**Materials provided**.
________________________
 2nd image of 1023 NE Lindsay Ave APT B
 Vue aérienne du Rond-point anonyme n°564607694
________________________
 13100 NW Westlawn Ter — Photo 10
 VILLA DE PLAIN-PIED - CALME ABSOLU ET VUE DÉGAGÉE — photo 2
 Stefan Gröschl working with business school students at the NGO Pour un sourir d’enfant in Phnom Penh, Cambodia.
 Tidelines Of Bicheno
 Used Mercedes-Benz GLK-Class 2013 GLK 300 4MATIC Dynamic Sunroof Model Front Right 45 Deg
________________________
Return the span of lines in the data above that opens at the line with "2nd image of 1023 NE Lindsay Ave APT B" and closes at the line with "Vue aérienne du", exactly, ends included, nothing else.

**Solution below**.
 2nd image of 1023 NE Lindsay Ave APT B
 Vue aérienne du Rond-point anonyme n°564607694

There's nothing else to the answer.